Vejam este trecho aqui:
(…) os funcionários públicos guindados pelo PT têm, em média, boa formação escolar e seriam pessoas certas no lugar certo não fosse sua devoção a uma causa partidária.
Bom, mas, como vimos, o nível desses sujeitos era compatível com os cargos ocupados. Como vimos aí em cima, mané. Olha pra cima, lesado. Tá aí, foi você que escreveu.
Ou seja: o problema dos petistas que o PT alçou a cargos melhores não é eles terem sido alçados a cargos melhores, é que eles são petistas. Bom, aí não tem jeito, né, rapaz. Se o problema do petista é que ele é petista, não é difícil provar que ser petista é um problema. Assim, até eu.
E o impressionante é que a reportagem segue ignorando solenemente a informação de que os petistas no Estado têm qualificação para ocupar os cargos que ocupam, informação prontamente disponível para o autor da matéria se olhasse para a tela enquanto digita. Pois o texto continua como se o parágrafo acima não tivesse existido:
Antes de Lula e do PT, esses cargos eram ocupados em parte por indicação política, já que a maioria dos postos era reservada para especialistas de reconhecido conhecimento técnico [que merda de frase, hein, meu filho - NPTO]. No governo Lula, 45% desses cargos foram entregues a sindicalistas, sendo que, entre eles, 82% são filiados ao PT.
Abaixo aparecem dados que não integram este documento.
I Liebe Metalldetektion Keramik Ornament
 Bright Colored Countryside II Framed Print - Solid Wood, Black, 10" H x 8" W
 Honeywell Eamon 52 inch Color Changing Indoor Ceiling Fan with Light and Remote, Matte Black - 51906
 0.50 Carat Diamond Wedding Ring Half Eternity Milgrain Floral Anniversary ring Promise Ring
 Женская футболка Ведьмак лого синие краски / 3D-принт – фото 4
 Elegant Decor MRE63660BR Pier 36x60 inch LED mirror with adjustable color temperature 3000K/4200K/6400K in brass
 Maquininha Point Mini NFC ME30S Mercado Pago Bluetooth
Leitores tenham paciência e concentração. Prometo para vocês, vale cada parágrafo. Celso Barros é muito sabido e espirituoso na escrita, o que falta a muitos blogueiros sisudos. Enjoy!
Não deixe de visitar o blog do Celso Barros, um dos espaços mais politizados e inteligentes da blogosfera, aqui NPTO (Na prática a teoria é outra)
Não tenho tempo para ler tudo que saiu sobre o escândalo, por isso resolvi comprar a Veja. Imagino que, como de hábito, tudo que houver de ataque mais agressivo contra o governo estará na Veja. Posso ter feito errado, porque nem sempre o mais agressivo tem os melhores argumentos, mas, se alguém aí souber de argumentos melhores, me avise.
1.
Antes de discutir o aparelhamento, uma observação. Não tenho, repito, capacidade de discutir os detalhes da quebra do sigilo, mas tem um negócio no final da reportagem da Veja da semana passada que me pareceu estranho.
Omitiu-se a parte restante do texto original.